I first saw images of Latoya Ruby Frazier’s riveting book of photographs, The Notion Of Family, in an NPR article about six months ago entitled “A Rust Belt Story Retold…” I wasn’t sure what to make of the images, as they felt a little distant at the time, despite my being familiar–as a historian of black labor and politics–with some of the history of those communities living “in the shadow” of Carnegie steel mills.
And then, this week, after receiving and reading through Latoya’s book, I read the reviews and commentaries by Michelle McCleary and Dr. Jessie Fields, among others, on P4P.

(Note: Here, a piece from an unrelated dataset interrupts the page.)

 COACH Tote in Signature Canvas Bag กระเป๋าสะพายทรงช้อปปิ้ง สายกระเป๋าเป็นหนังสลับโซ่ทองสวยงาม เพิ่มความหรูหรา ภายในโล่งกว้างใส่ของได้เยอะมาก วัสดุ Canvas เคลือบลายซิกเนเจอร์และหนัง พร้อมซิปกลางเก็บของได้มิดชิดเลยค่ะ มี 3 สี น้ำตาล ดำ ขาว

I’m not sure which impacted me more–the book or the commentaries. This is not to detract from Latoya’s truly extraordinary book (few artists capture, which such honest detail, poor people’s lives by poor and working people themselves–making their stories their own). But reading through the snippets of Michelle and Jessie’s lives as part of their reflections made the images in the book feel closer.
You see, I know Michelle and Jessie. They are two of my long-time political colleagues–extraordinary women–who have spent many years building an independent political movement in the United States to empower ordinary people, poor people, the outsiders, the forgotten, the survivors. I don’t know Latoya. But Michelle and Jessie are helping me to better understand her work.
While each of their experiences are different from the other’s, there are similarities in their experiences and the roles that women played in each of their lives–their mom’s, grandmothers, aunts, or great aunts–in helping each of them thrive.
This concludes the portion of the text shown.